¿Se pierde la lucha contra la corrupción?
César Azabache Caracciolo
Tal vez desde el punto de vista legal los casos apoyados en videos no sean
los más graves que enfrenta la justicia. Otros asuntos, como el caso Colina, el
tráfico de armas de las FARC, los casos de apoyo y extorsión al narcotráfico o
las comisiones ilegales por la compra de los MIG merecen ante la ley condenas
de mayor envergadura. Pero los casos apoyados en videos representan mucho,
porque han marcado una huella imborrable en la memoria colectiva que impulsó el
proceso anticorrupción. El origen y el destino del sistema anticorrupción están
atados simbólicamente a la suerte que puedan tener estos procesos. Por eso se
entiende que el acuerdo de colaboración de los hermanos Winter (que al fin y al
cabo representa una rendición clara de la defensa) haya sido aceptado
socialmente sin demasiado esfuerzo.

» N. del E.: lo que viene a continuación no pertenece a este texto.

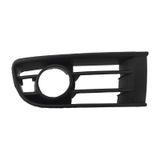Volkswagen Polo 2002 - 2005 Sis Fari Izgarasi Sol Taraf 418397728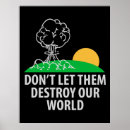 Sök efter protest posters Symbol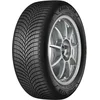 Image de 235/55VR18 GOODYEAR TL VECTOR-4S G3 SUV SEAL XL 104V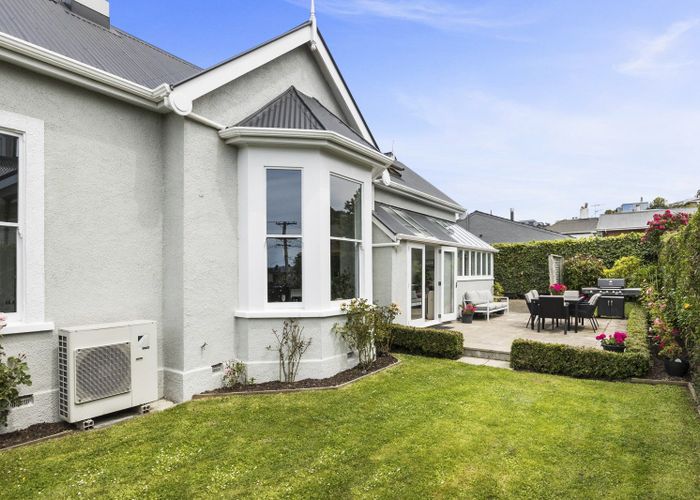  at 29 Granville Terrace, Belleknowes, Dunedin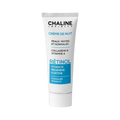 Chaline Crème De Nuit Rétinol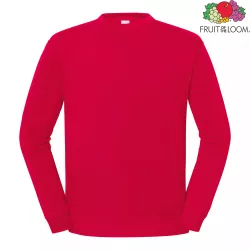 Bluza Iconic 250 Set-In...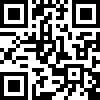 https://ibna.ir/x3bwt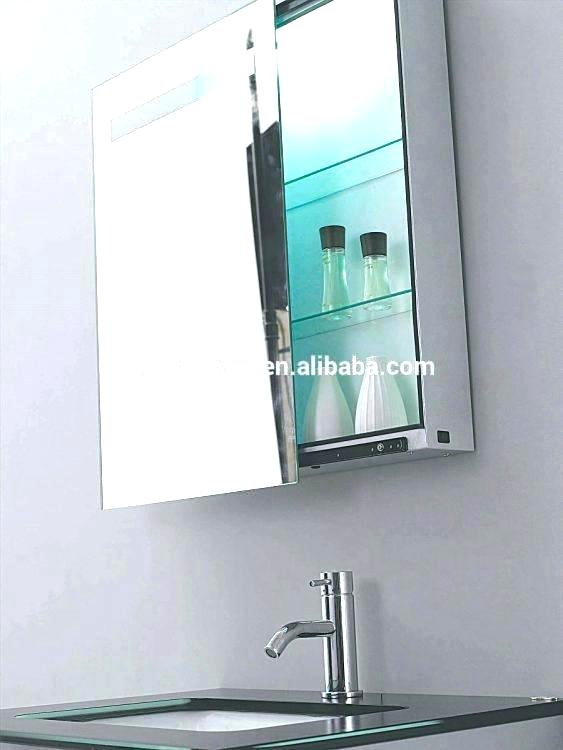 led bathroom mirrors with shaver socket mirror shaver socket sensor galactic led bathroom cabinet illuminated bathroom mirrors with shaver point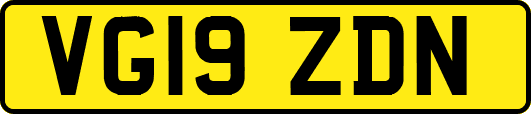 VG19ZDN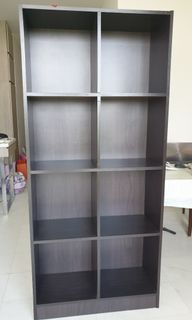 (Category: ) located in . Submitted by gogogreen (Listing ID 1026605606, Image 1). Description: .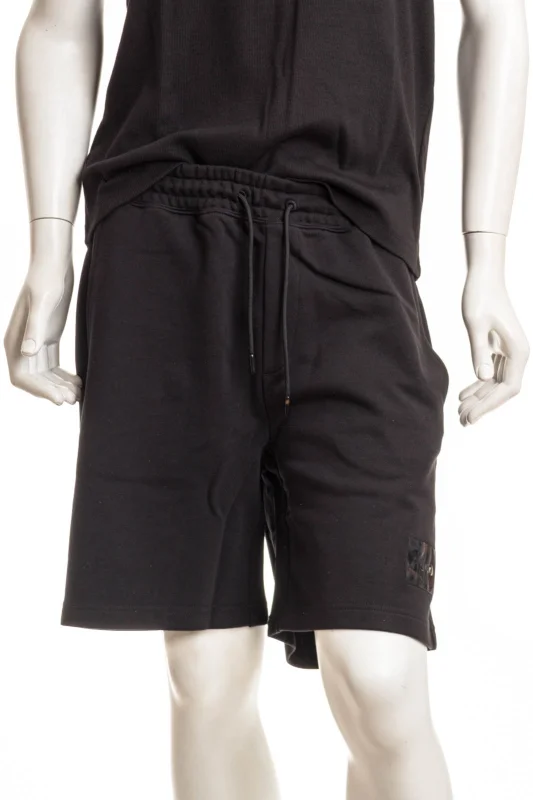 Shorts DARIX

Y se entiende también que la Procuraduría y
la Fiscalía expresen abiertamente su satisfacción por el éxito de la defensa
del Estado en la primera instancia del caso Croussillat en Argentina.
Pero en particular el
destino final de éste último caso es todavía incierto. El Estado ganó la
primera instancia del caso Croussillat, pero todavía falta una apelación. Pasados
ya cuatro años desde el inicio del proceso, el éxito definitivo podría llegar cuando
esté casi vencido el tiempo para enjuiciar a los acusados. El tiempo es, en
estos asuntos, un factor altamente corrosivo. Deteriora la imagen que puede
ofrecer el resultado del proceso. Y es que las terminaciones por prescripción o las liberaciones por beneficios
penitenciarios rápidos son socialmente difíciles de explicar.
Quizá esta sea la
principal paradoja que debemos enfrentar. Cuesta entender que asuntos tan
visibles merezcan condenas aparentemente menores. Acostumbrados como estamos a
debatir sobre condenas a perpetuidad o a 30 años, muchas de las condenas
posibles en casos de corrupción nos terminan pareciendo diminutas. Pero no se
trata de cambiar las leyes para ponerlas a la medida de nuestras preferencias
personales. Se trata, al contrario, de reordenar nuestras expectativas para
hacerlas proporcionadas y razonables. Y esto significa reconocer lo avanzado, que
no es poco, aprovechar positivamente lo logrado y relanzar el debate sobre
justicia y corrupción para tener claro, como sociedad, hacia donde vamos ahora,
cinco años después del inicio del proceso.
Tal vez no nos hemos
preparado colectivamente para comprender en toda su dimensión que el proceso
anticorrupción iniciado a finales del año 2000 tiene que terminar en algún
momento. Quizá no sea mañana o pasado, pero tiene que terminar, y no por una
ley de amnistía u otra medida abrupta, sino por una conclusión ordenada y
socialmente útil de los principales casos anticorrupción. Para poder hacer
esto, es probable que muchos casos, los menos importantes, deban ser
transferidos en algún momento al sistema ordinario para concluir allí. Pero al
mismo tiempo, la justicia ordinaria debería comenzar a absorber, impregnarse y
desarrollarse en base a la enorme reserva moral que se ha acumulado en jueces,
fiscales y procuradores y abogados que ahora forman parte del Estado y han
lidiado con asuntos sumamente complejos de manera óptima. En lugar de apostar a
mantener esa enorme reserva moral acumulada aislada; en lugar de intentar expandir
esa pequeña isla cada vez más hacia asuntos distintos a los que le dieron origen,
deberíamos apostar por un balance honesto del proceso y reforzar, a partir de esta
experiencia, el sistema judicial que queremos todos.
Quizá con eso detengamos
el daño que el tiempo y el retraso pueden hacer sobre una de las mejores
experiencias que hemos logrado en materia de justicia.